Coronavirus patients who have been treated in hospital still suffer lung damage up to THREE MONTHS after returning home, study find

Coronavirus patients admitted to hospital still suffer lung damage three months after they are sent home, a study found.

Most people’s conditions improve within six weeks but researchers found that some struggled with breathlessness and coughing for much longer.

Researchers at different institutions in Austria’s Tyrolean region asked coronavirus patients who had been admitted to hospital to come back for evaluation six, 12 and 24 weeks after being discharged.

At the time of their first evaluation, more than half of the patients had at least one persistent symptom, predominantly breathlessness and coughing, and CT scans still showed lung damage in 88 per cent.

Coronavirus patients admitted to hospital still suffer lung damage three months after they are sent home, a study found. Pictured: A computer screen shows a coronavirus patient’s lung X-ray and virus’ damage on the lungs at the Ankara City Hospital in Ankara, Turkey, in August

But by the time of their next visit the symptoms had improved and lung damage was reduced to 56 per cent.
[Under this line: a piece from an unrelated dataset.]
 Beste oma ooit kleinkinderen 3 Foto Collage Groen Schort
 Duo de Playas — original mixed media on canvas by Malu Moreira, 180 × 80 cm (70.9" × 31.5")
It is too early to have results from the evaluations at 24 weeks.

Dr Sabina Sahanic, a clinical PhD student at the University Clinic in Innsbruck and part of the team that carried out the study, said: ‘The bad news is that people show lung impairment from Covid-19 weeks after discharge.
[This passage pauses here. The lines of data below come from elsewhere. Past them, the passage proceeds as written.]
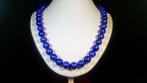 Blauwe lapis lazuli ketting Ronde kralen - Hoogte: 55 cm -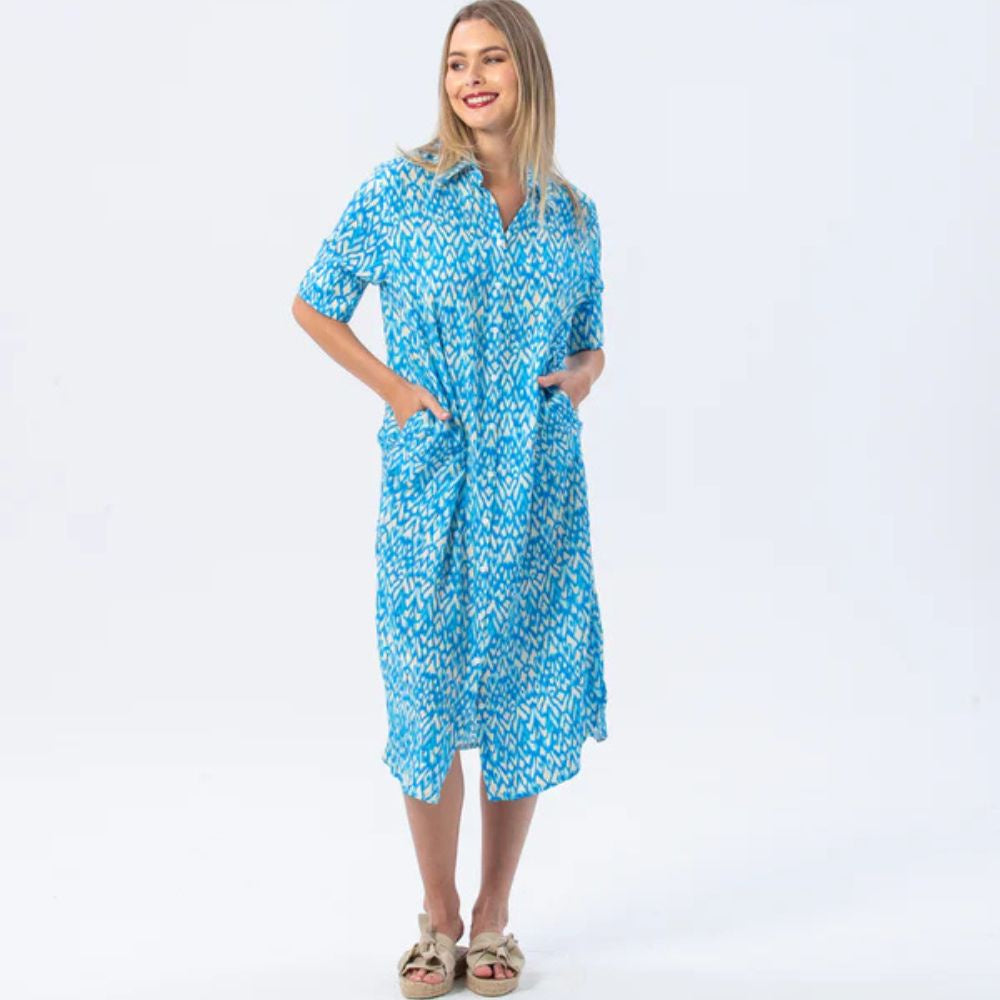 Signature by Des Tahiti Dress - Turquoise & White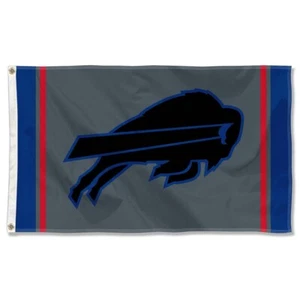 Buffalo Bills Football fans 3x5 ft Black Logo Gray Flag - Ideal NFL Gift Banner - Picture 1 of 1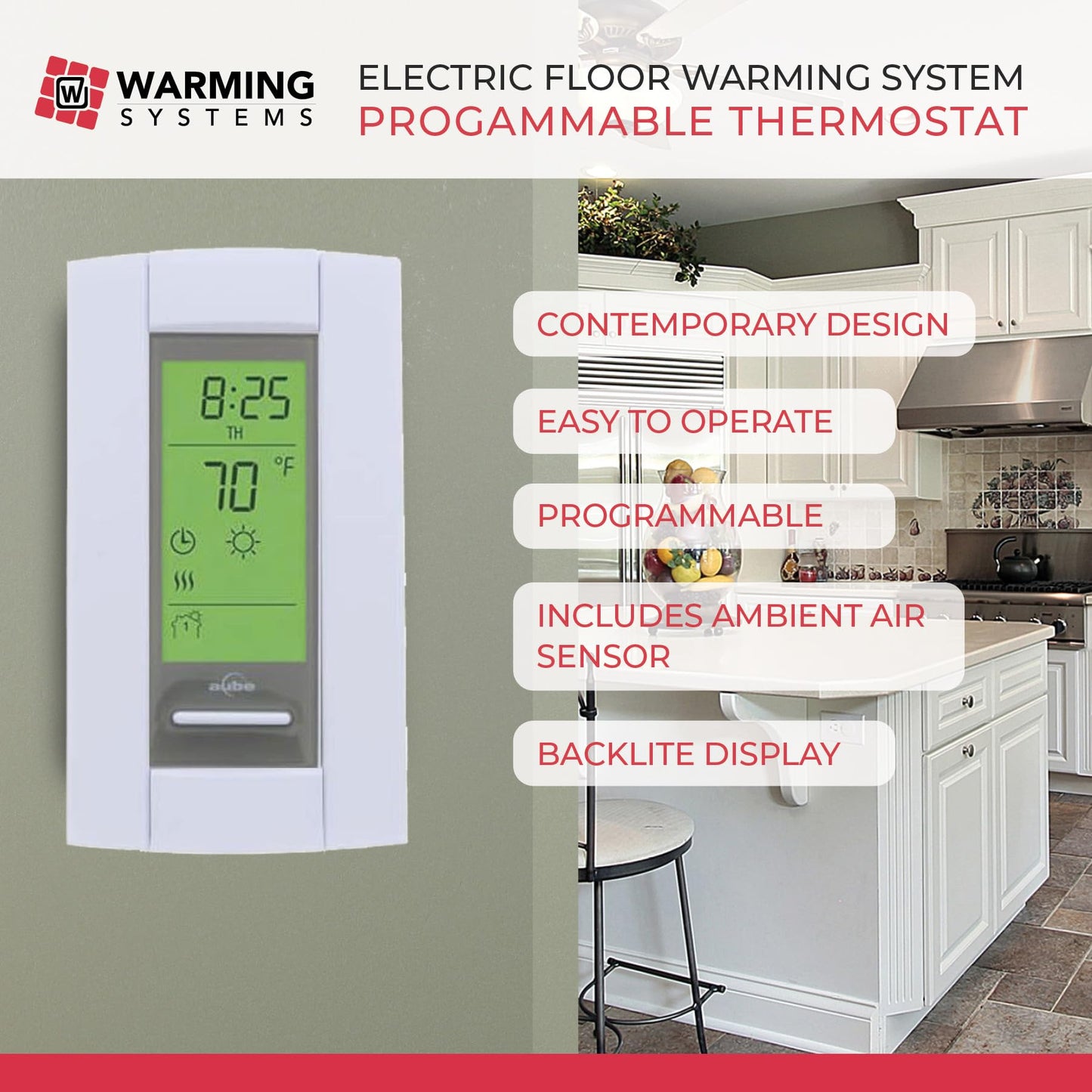 Warming Systems - 15 Sqft 120V Electric Radiant Floor Heating Mat – Includes Heating Mat, Programmable Thermostat, Thermostat Floor Sensor, Installation Monitor and Under Tile Heater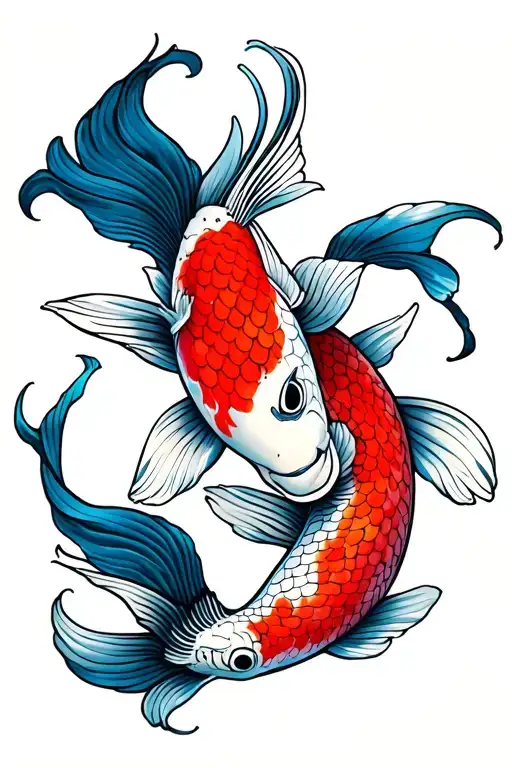 Kabuki Koi Fish Swimming
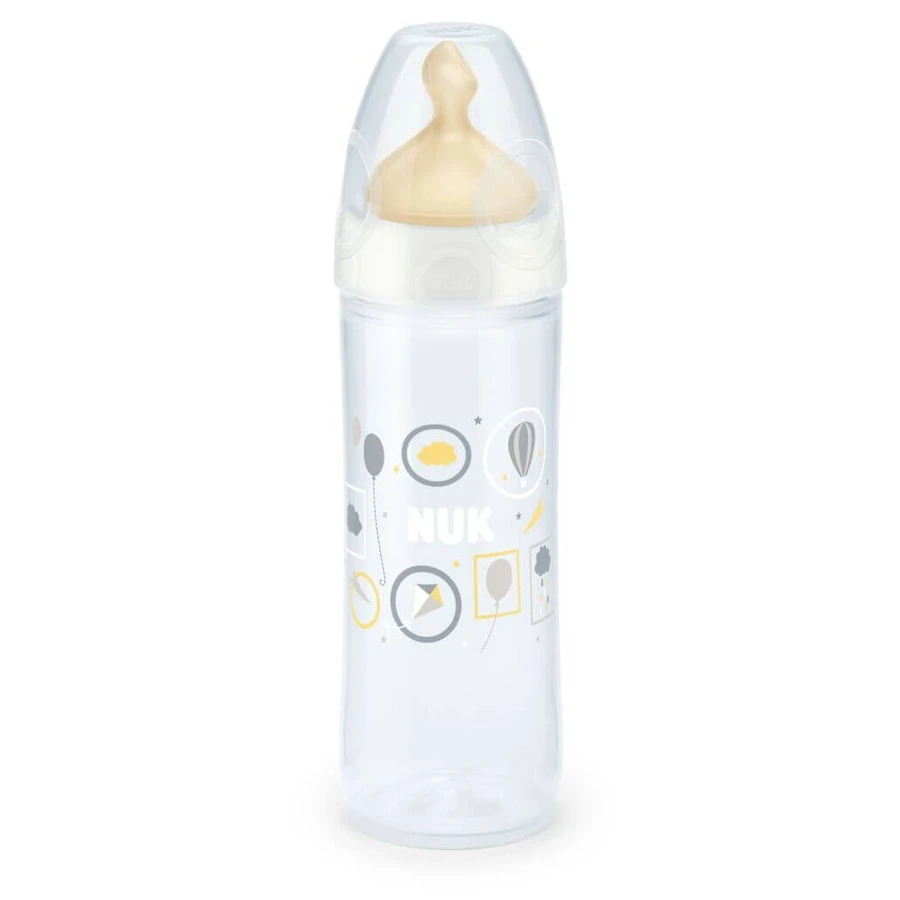 NUK New Classic Plastic Fles met Rubberen Speen Van 6-18 Maanden 250ml In Verschillende Kleuren - Wit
the good news is that the impairment tends to ameliorate over time, which suggests the lungs have a mechanism for repairing themselves.’
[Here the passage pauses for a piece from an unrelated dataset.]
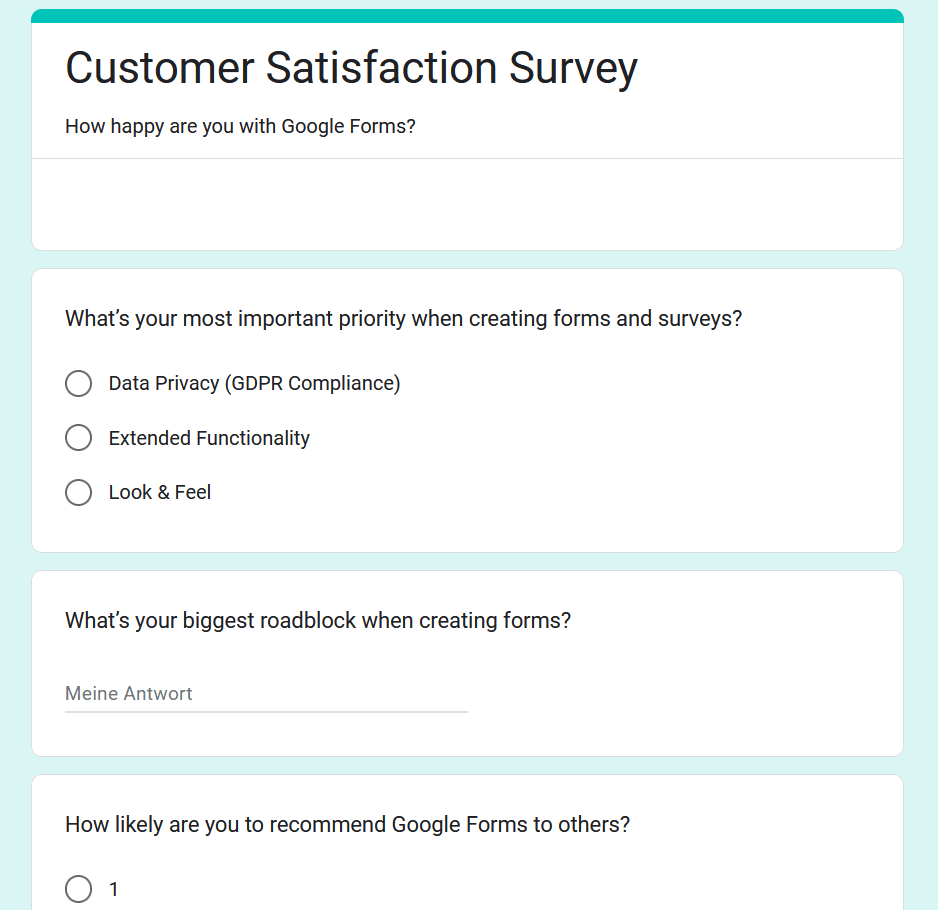Screenshot of Customer Satisfaction Survey on Google Forms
At the six-week visit, echocardiograms showed that 48 patients (58.5%) had dysfunction of the left ventricle of the heart at the point when it is relaxing and dilating (diastole).

Most people’s conditions improve within six weeks of first displaying coronavirus symptoms but researchers found that some struggled with breathlessness and coughing for much longer 

Biological indicators of heart damage, blood clots and inflammation were all significantly elevated.

Dr Sahanic added: ‘Fortunately, in the Innsbruck cohort, we did not observe any severe coronavirus-associated heart dysfunction in the post-acute phase.

‘The diastolic dysfunction that we observed also tended to improve with time.’

It comes as TV presenter Kate Garraway has said ‘the heart of the family has been ripped out’ as her husband Derek Draper struggles to recover from coronavirus. 

TV presenter Kate Garraway (right) has said ‘the heart of the family has been ripped out’ as her husband Derek Draper (left) struggles to recover from coronavirus

Her 53-year-old spouse was admitted to hospital in March after being diagnosed and remains seriously ill. 

Good Morning Britain presenter Miss Garraway, also 53, returned to work in July but said she is still ‘consumed by fear’ that his condition won’t improve but has had to stay strong for her children’s sake.

‘We hope and believe he will come out of it, but we just don’t know,’ she told Mail On Sunday’s You magazine.

‘The heart of the family has been ripped out and we don’t know if we will ever get it back.’